I fully respect people’s decisions.
For me, I want to grow my What-I-Hate list. This list is a personal journal, and I reference it for clarity. It tells me everything I needed to understand about myself.
That insight alone allows me to figure out my ideal start-up based on what I should not do. In a journey requiring 100 steps, this process fills up the first 50.
It is not too shabby for a start.
This is how it works.
It Identifies Problems You Never Knew Bothered You
All problems become smaller when you confront them instead of dodging them.
Yeah, but that works if we know what problems actually bother us enough to want to do something about it.
This is a critical distinction between all possible problems we encounter this lifetime, versus the subset we have to act to kill them off.
Mum’s nagging is a problem. But if we learned to live with it, then it is just background noise.
Real problems annoy, frustrate, disturb us to a point where we cannot stop thinking about solving them once and for all, for the good of Mankind. And maybe, earn some dollars and cents out of it.
The initialization of your future start-up is in play.
But first, let us go through the What-I-Hate list.
Curate the Problems You Want to Solve from the What-I-Hate List
First, you grow the list. Next, you curate items from the list.
Go deep in the line items, circle repeat ones, and keep asking why it bothers you. I will circle back to my introduction on Stupid Boss.
2 words make a villain:
- He is a Stupid Boss because he prioritizes administrative reports over the speed of customer turnover.
- He is a Stupid Boss because he doesn’t understand what the customer wants.
- He is a Stupid Boss because he doesn’t believe in investing time and money into digital marketing and content creation.
- He is a Stupid Boss because.
- He is a Stupid Boss because.
Focus on one thing and keep drilling the list. You have to because gems illuminating your future are hidden from plain sight in this list of grudges and laments.
When you are done with your list, take a deep look at what you have written. Let us take this sentence.
He is a Stupid Boss because he doesn’t believe in investing time and money into digital marketing and content creation.
Bootstrap all personal elements away as we examine this statement. What does it say about me?
These are my thoughts (the good):
- Going digital means achieving massive reach at faster speeds.
- Faster speed meant we can do more within the same timeframe, unlike traditional marketing domains like free-to-air advertisements or out-of-door media.
- Well-crafted content drives impressions, drives sales conversion.
These are my thoughts (the bad but not personal):
- He is stupid because he cannot foresee the upcoming trend.
- I expect my boss to be ahead of the innovation adoption curve.

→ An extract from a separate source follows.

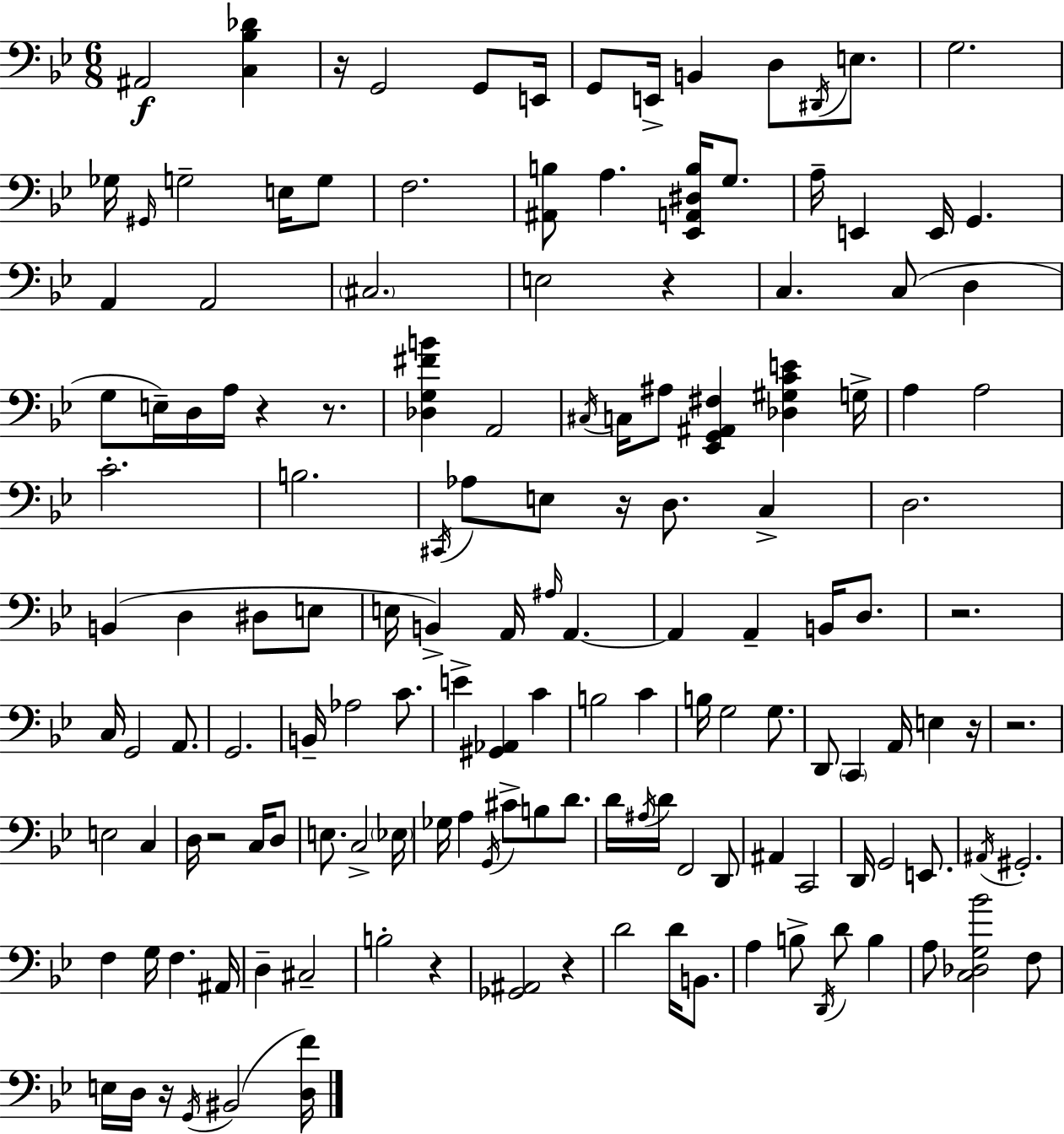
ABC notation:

I derived 5 gems from my What-I-Hate list, and they influenced me to partake in start-up ventures and projects that align with my thinking.
It provides clarity in what I do.
I choose to work with business partners who consistently stay ahead of the innovation curve. Live-streaming? Check. Bitclout? Check. Ethereum-based website business? Check.
It also points me to the skillsets I have to acquire to get better.
Great content requires good video-taking, clear articulation of ideas within 2 minutes, short and sharp copywriting, understanding what makes each digital platform tick.
Impressions drive sales. Before that, the conversion mechanism must be up in place. Great stuff, now where to learn that?
It tells me the personality types I cannot work with. This insight pays dividends. Always work with people allowing you can sleep well at night.
It points to a whole new level of focus, exploration, and possible future. My start-up will be digital, innovation-driven, with minimal bureaucracy.
And it starts from the What-I-Hate list.
Summary
I envy everyone who knows what they want to do in life.
I took the long road because I have to figure it out. Even figuring it out requires figuring out. The way I do that is to examine what I don’t appreciate.
I create a What-I-Hate list, drill it real deep, understand what makes me boil, reverse-engineer it, and ask if that makes me tick.
That is my trick.
Give it a try. It might work for you if you are trying to figure your future start-up.
As a content contributor, I write my observations from daily life and my business exposure. Because our life experience is the bedrock of our unique perspectives.